Both chambers of Congress are on recess.
Supreme Court schedule
The Supreme Court justices hear oral arguments in Quarles v. United States and Taggart v. Lorenzen today. In addition, there is a possibility that the justices will issue opinions at 10 a.m.
A number of Democratic presidential hopefuls will participate in the She the People forum, the first-ever presidential candidate forum focused on women of color, in Houston, Texas today. The forum will include remarks from Sens. Cory Booker (D-NJ), Kamala Harris (D-CA), Amy Klobuchar (D-MN), Bernie Sanders (I-VT), and Elizabeth Warren (D-MA); Rep. Tulsi Gabbard (D-HI); former Rep. Beto O'Rourke (D-TX); and former HUD Secretary Julián Castro.
In addition, Booker, Castro, Harris, and Klobuchar will all address the African American Mayors Association (AAMA) annual conference in Houston today.
--- Rep.

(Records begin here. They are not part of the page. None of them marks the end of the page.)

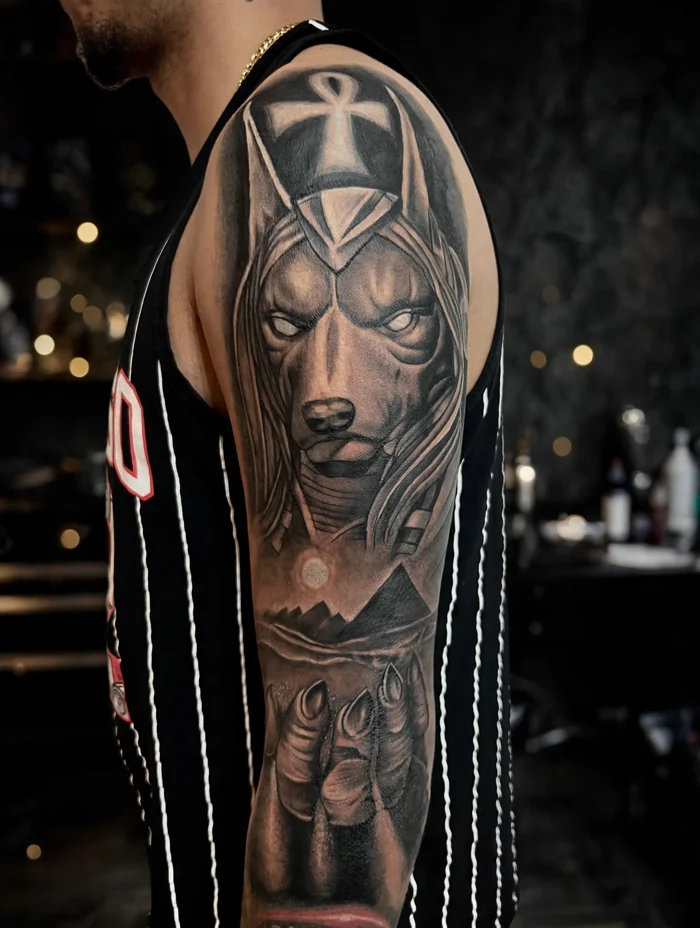 Tatuaje de Anubis, cruz egipcia y pirámides en el brazo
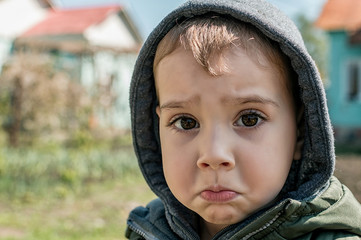 child with a sad face portrait
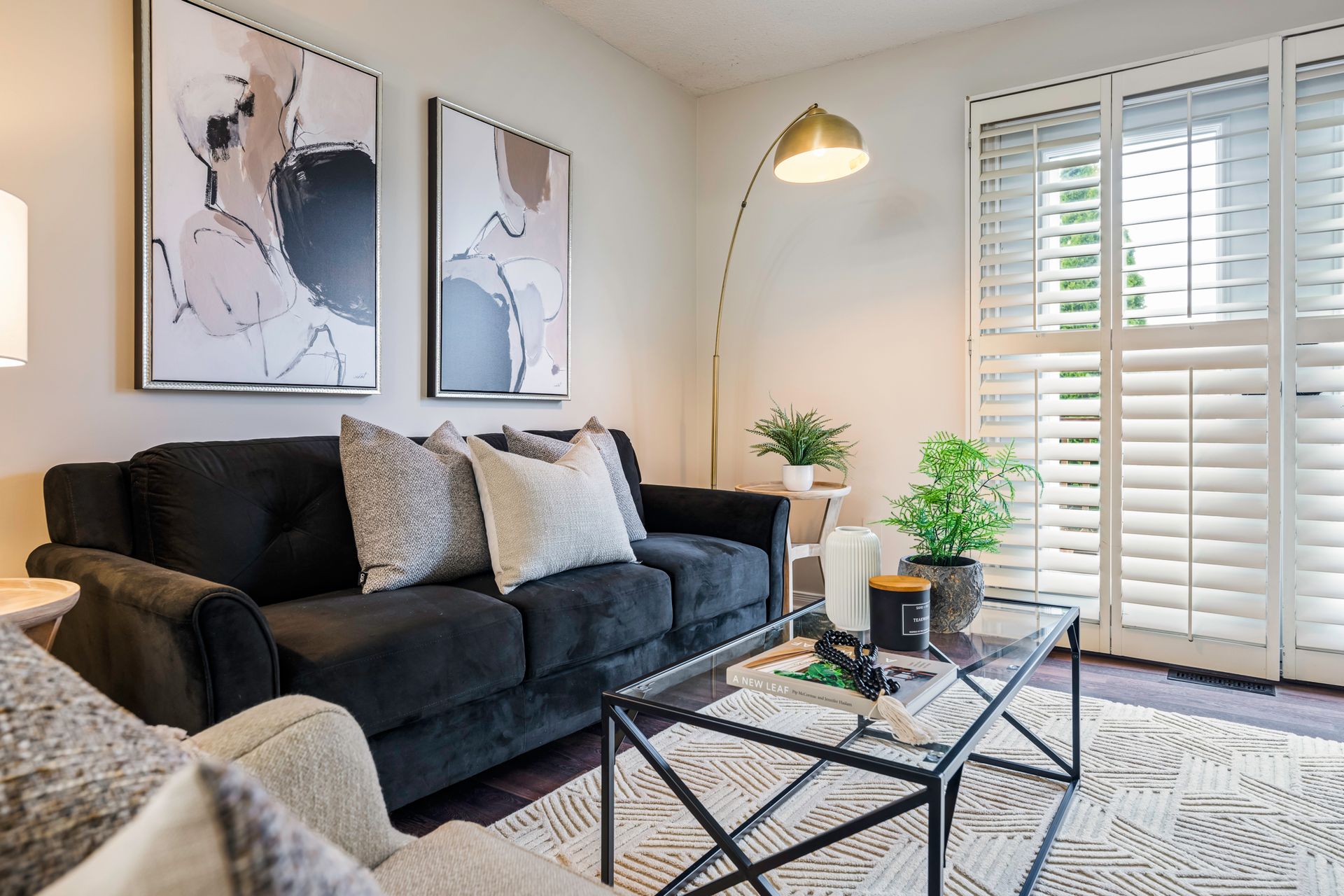 A living room with a black couch and a glass coffee table.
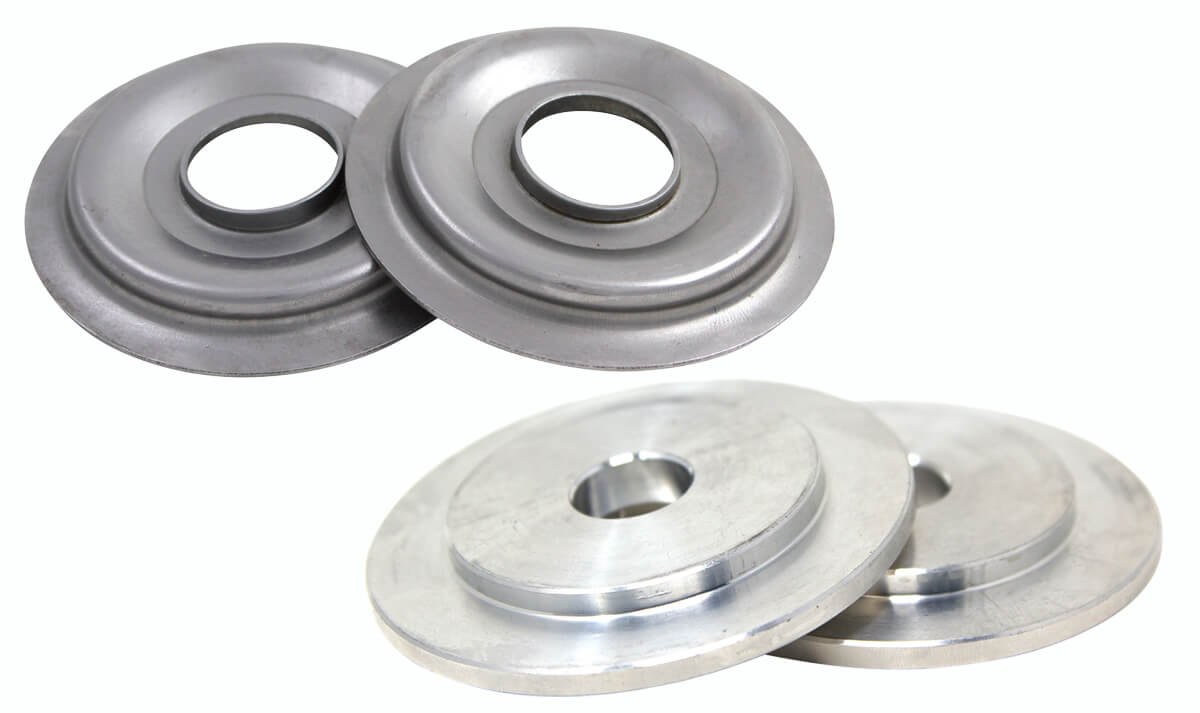Two pairs of metal wheel brush adapters on a white background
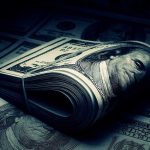 Trans Icon’s $115K COVID-19 Relief Heist A rolled stack of hundred-dollar bills on a background of more banknotes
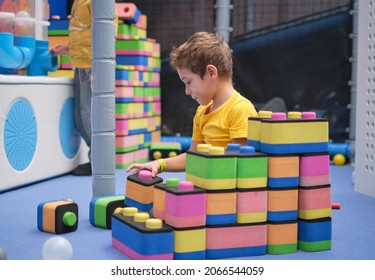 Little Boy Using Blocks Building Rocket. Kids Learning And Development Concept. Sensory Room, Independent Play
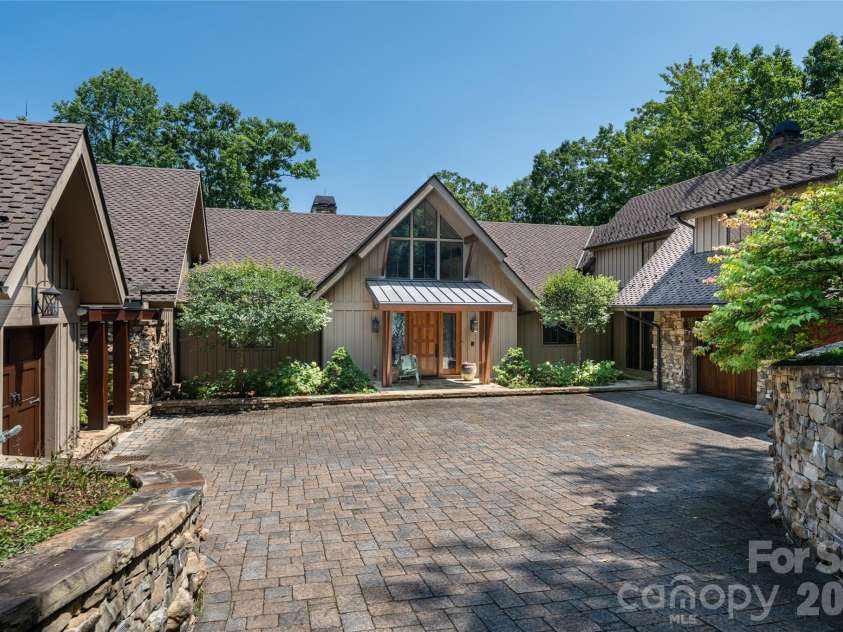 383 Eagle Ridge Road, Zirconia, NC 28790.  MLS# CAR4414334, YatesRealty ID 45781. Redefining the Mountain Modern aesthetic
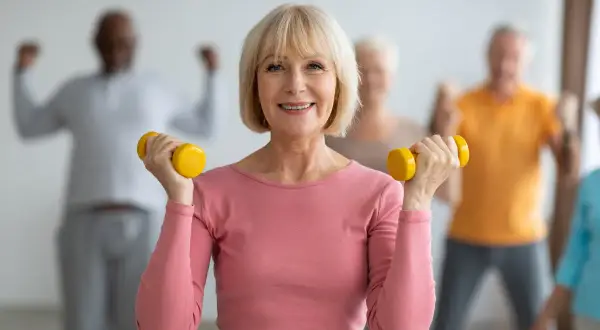 Une femme souriante fait de la gymnastique senior avec des haltères jaunes. D'autres personnes âgées s'entraînent en arrière-plan.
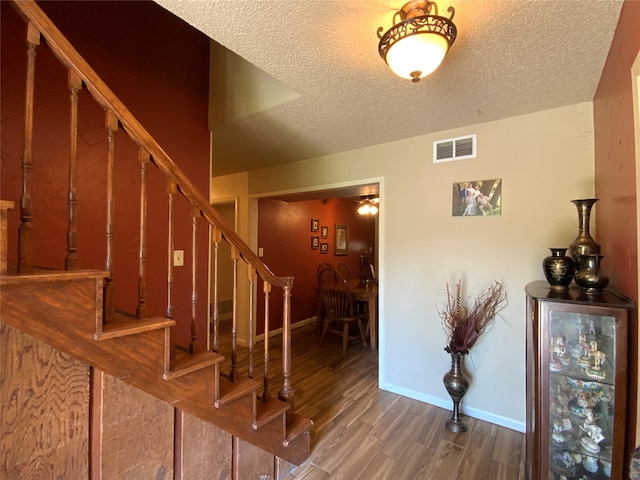 stairs featuring hardwood / wood-style flooring and a textured ceiling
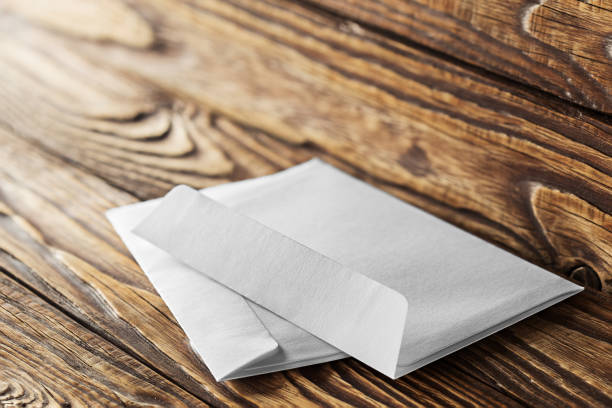 istock Two white envelopes with letters on old wooden dark background. Blanks for the designer. Concepts, ideas for postal services and e-mail. 949195576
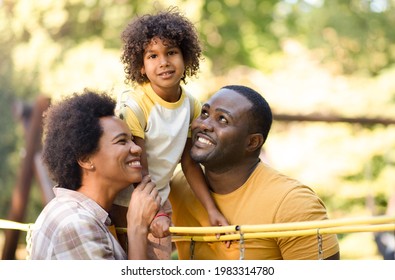  African American family having fun outdoors.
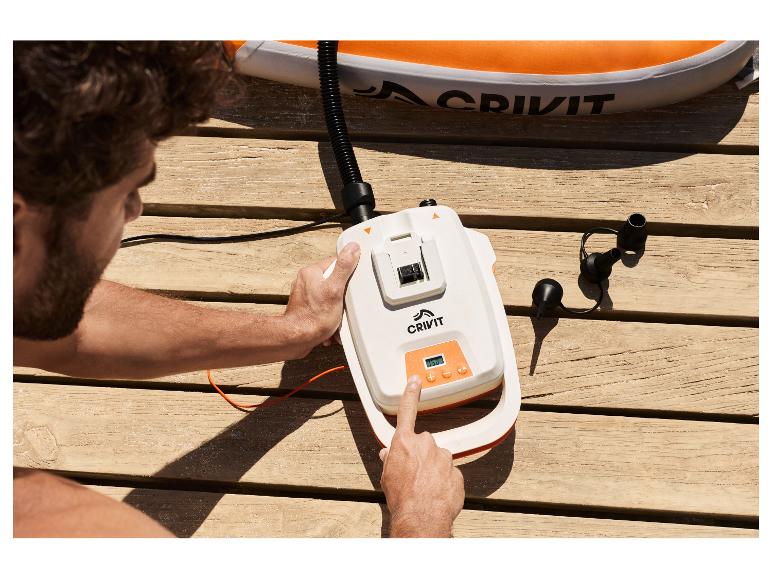 Man pompt een CRIVIT SUP-board op met een 20 V pomp op een houten vlonder.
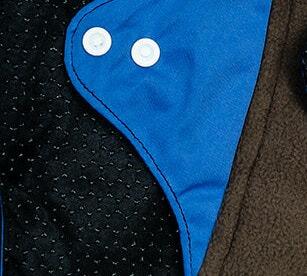 Mighty Light Popper Pad - MightyEve Close - up of mighty eve popper pads front and back - blue and black bamboo fabric with white buttons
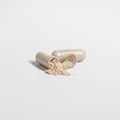 Two open capsules with a powdery substance on a light gray background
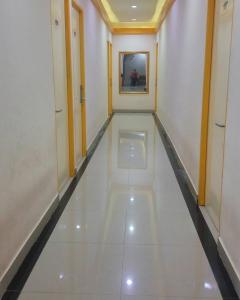 a hallway with a white floor and a mirror at Gold Line Guest House in Pontianak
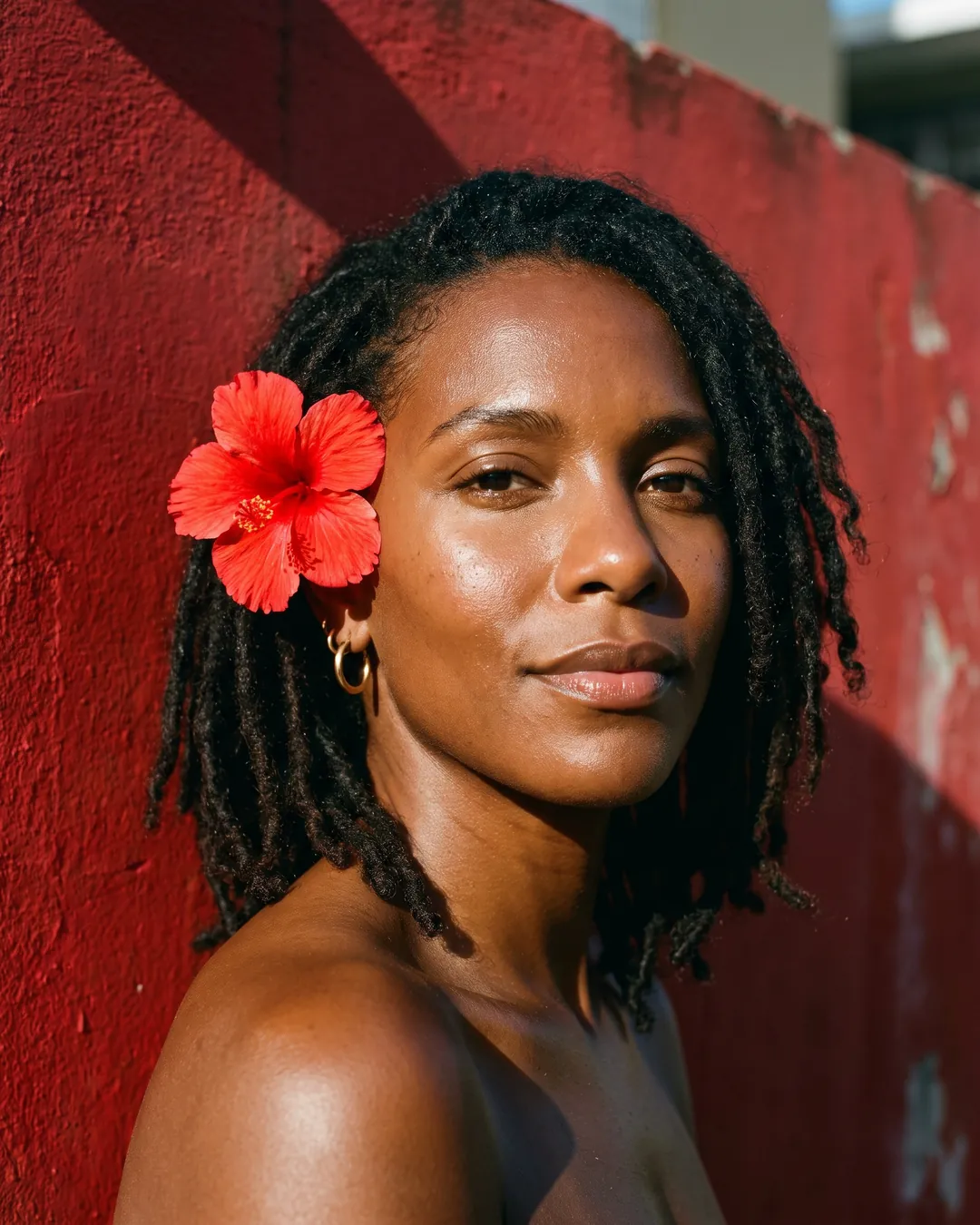 A woman with locs and a red flower behind her ear against a red wall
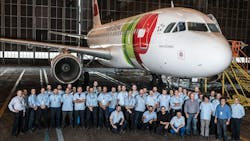 A large group of aviation maintenance technicians wearing blue shirts standing in front of an airplane A large group of aviation maintenance technicians wearing blue shirts standing in front of an airplane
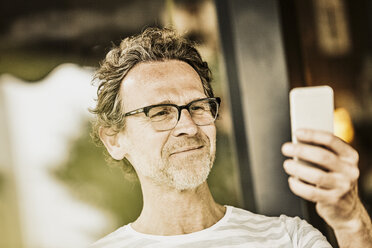 Porträt eines lächelnden Mannes mit Bartstoppeln, der ein Selfie mit seinem Smartphone macht - FMKF002768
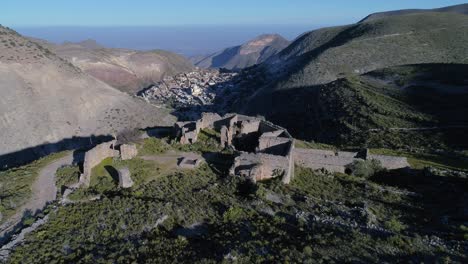 Aerial-orbit-shot-of-the-ruins-of-the-old-customs-building-in-the-Apache-Hill-with-the-Real-de-Catorce-town-in-back,-San-Luis-Potosi,-Mexico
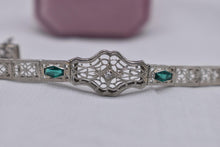 Load image into Gallery viewer, Vintage Art Deco 14K White Gold Filigree Bracelet, Transitional Cut Diamond, Emerald Glass
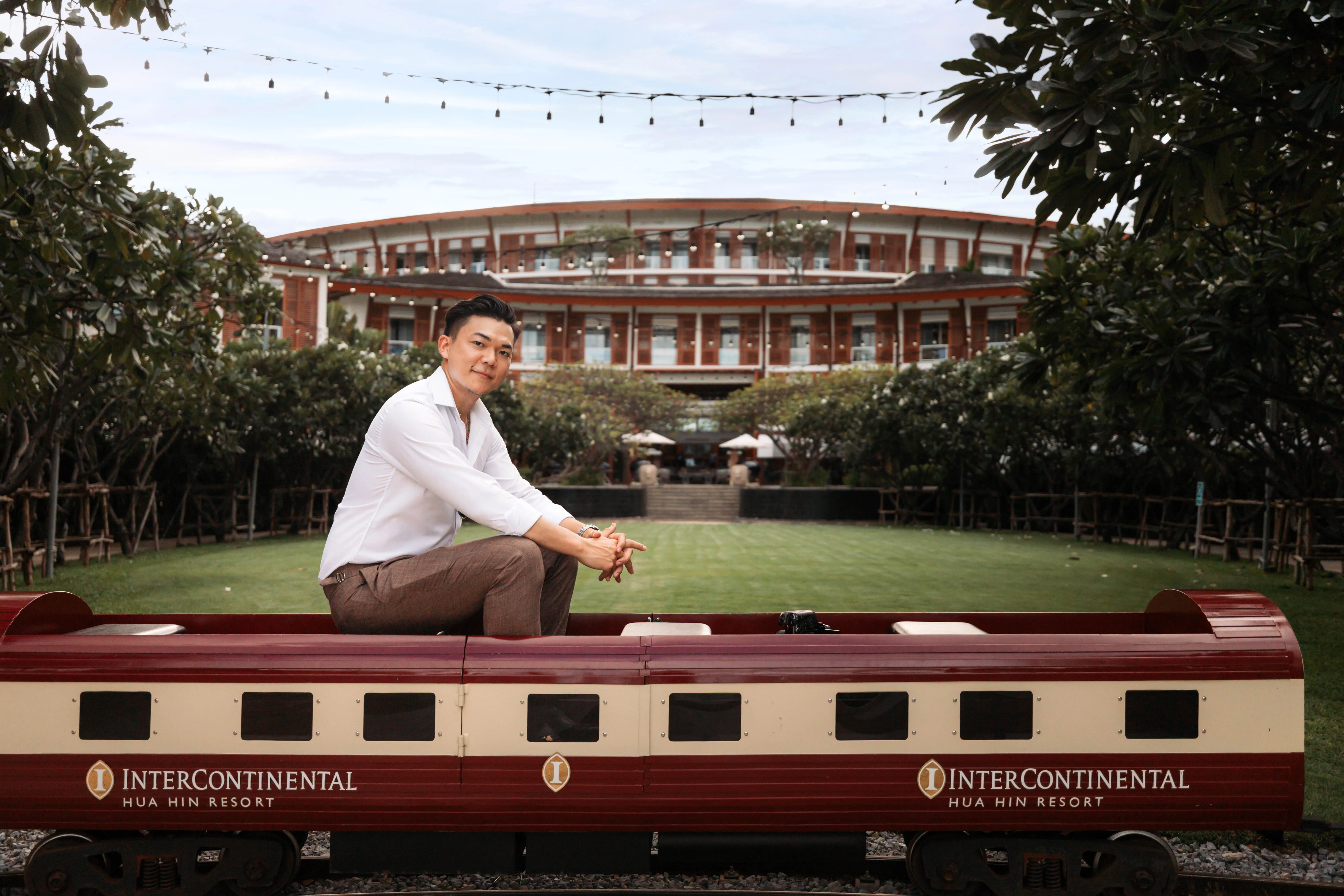 A guest seated on the resort's miniature train, with the InterContinental Hua Hin Resort building behind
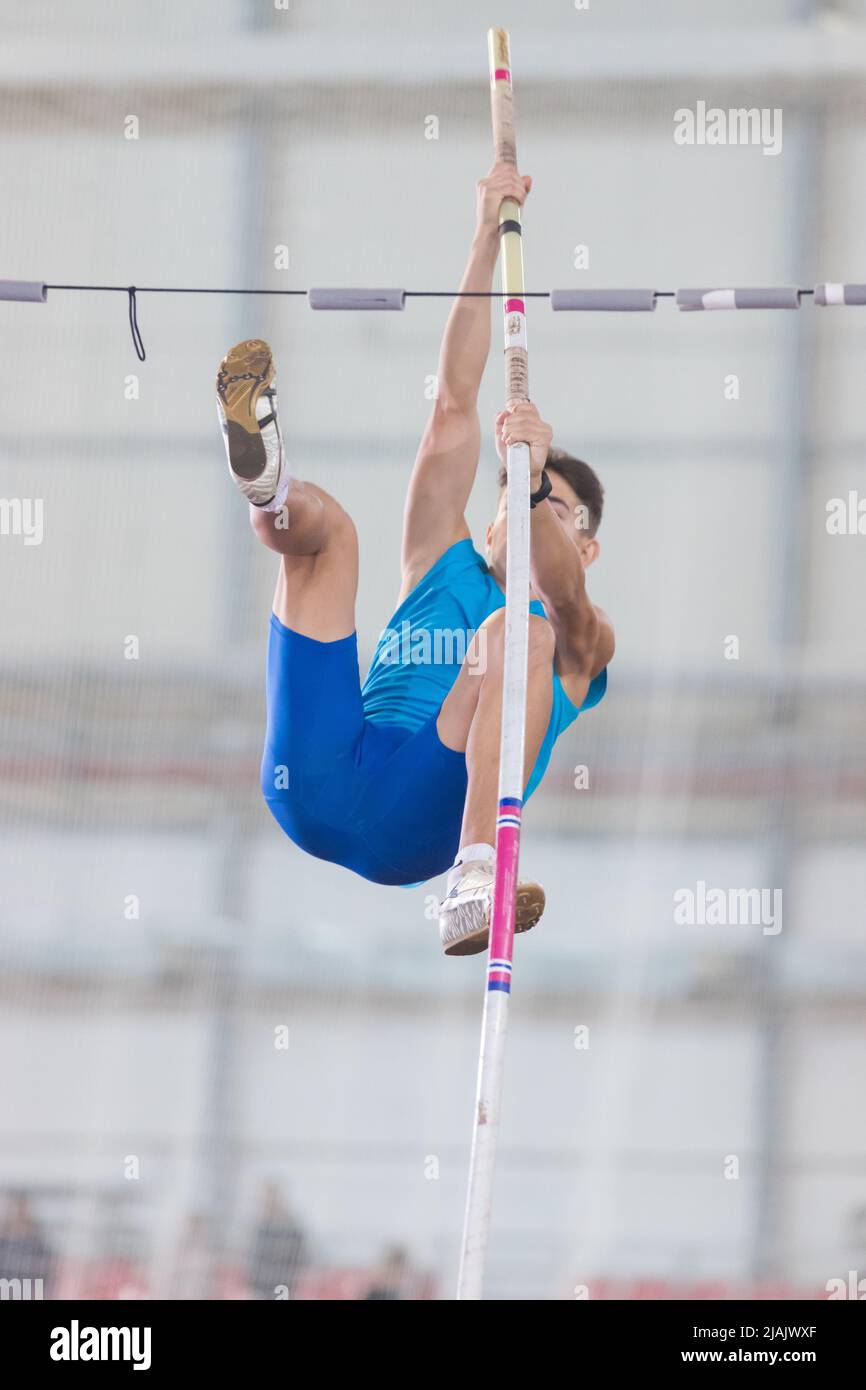 Pole vaulting indoors young man jumping over the partition Stock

Seth Moulton (D-MA) headlines a "Politics and Eggs" event in Bedford, New Hampshire, before traveling to South Carolina, where he will participate in a beach clean up and meet and greet in Isle of Palms and a virtual town hall in Charleston.
--- Sanders holds a rally in Houston.
--- Entrepreneur Andrew Yang visits Las Vegas, Nevada, where he holds a veterans meet and greet, a meet and greet hosted by the state Service Employees International Union (SEIU), and a dinner hosted by the state Asian American and Pacific Islander (AAPI) Democratic caucus.